The overwhelming response to the IPO was driven by substantial interest from institutional investors. Qualified Institutional Buyers (QIBs) oversubscribed by 166.51 times, while Non-Institutional Investors (NIIs) subscribed 22.44 times, and Retail Individual Investors (RIIs) subscribed 3.54 times. The strong demand underscores the positive sentiment surrounding consumer-focused manufacturing companies in India's thriving equity market.
Analysts believe that LG Electronics India's attractive valuation and strong business prospects fueled the IPO's success. The company's robust financial performance in fiscal year 2025, with a 14% year-on-year increase in revenue to ₹24,631 crore and a 46% surge in profit after tax to ₹2,203 crore, has further bolstered investor confidence. The company has maintained healthy financial metrics, including an EBITDA margin of 12.8%, a PAT margin of 9%, and a debt-free status, along with a return on capital employed (ROCE) of 43% and a return on equity (ROE) of 37%.
Several brokerages have given "Buy" ratings to LG Electronics India's stock. Emkay Global has set a target price of ₹2,050, implying an 80% upside, citing the company's brand equity, diversified category leadership, and strategic importance within its parent's global expansion plans. Nomura has also given a "Buy" rating with a target price of ₹1,800, anticipating improved EBITDA margins and strong revenue and EPS growth. ICICI Securities also backs the stock with a Buy rating.
LG Electronics India holds a dominant position in key product segments, including washing machines, refrigerators, air conditioners, and televisions. The company's revenue share for its parent LG Electronics has increased from 3.5% in CY21 to 4.3% in CY24, highlighting the growing importance of the Indian market. Furthermore, LG India's revenue from operations stood at ₹24,367 crore in FY25, surpassing that of Havells, Voltas, Blue Star, and Whirlpool.
The company's strengths lie in its premium segment leadership, growth potential due to low category penetration and expanding total addressable market, increasing exports with the expansion of its Sri City plant, and strong financials with high return ratios and consistent revenue growth.

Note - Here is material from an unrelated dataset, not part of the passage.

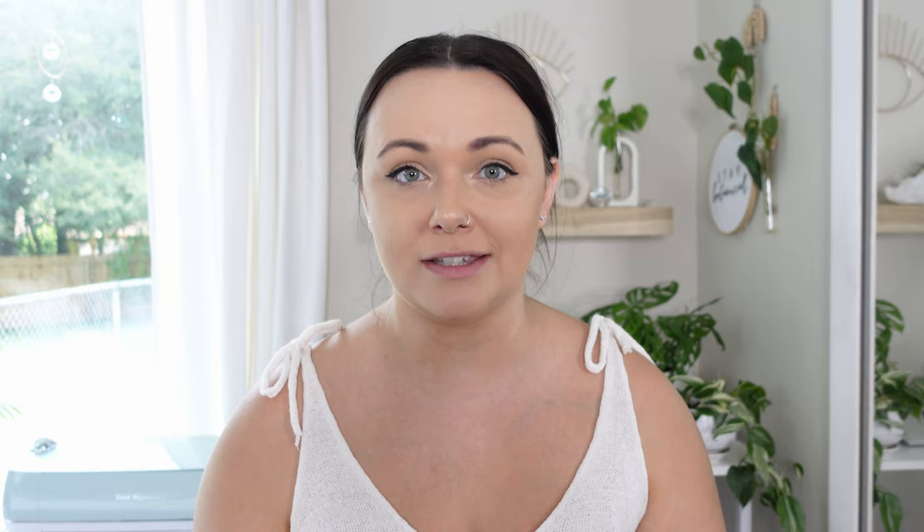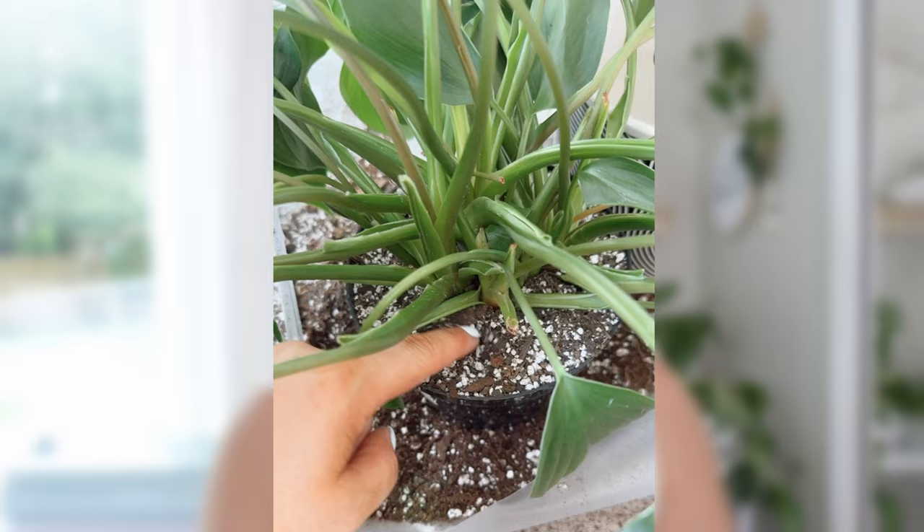When I say bark, I use an orchid mix that has charcoal and coarse perlite in it as well — the coarse perlite has bigger chunky pieces. That's my go-to mix for most plants. You want to invest in good potting soil — quality over quantity. Trying to deal with root rot and fungus gnats is not fun. I actually use Miracle-Gro on my outdoor plants and they thrive in that, but I do add some additives to it.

LG Electronics India's successful IPO is expected to encourage other Indian companies to go public. India has become an increasingly active market for IPOs in recent years, attracting global investors eager to tap into the country's expanding consumer economy. The LG Electronics India IPO is strategically timed before Diwali, a festive season when Indian consumers tend to spend more on electronics and home appliances.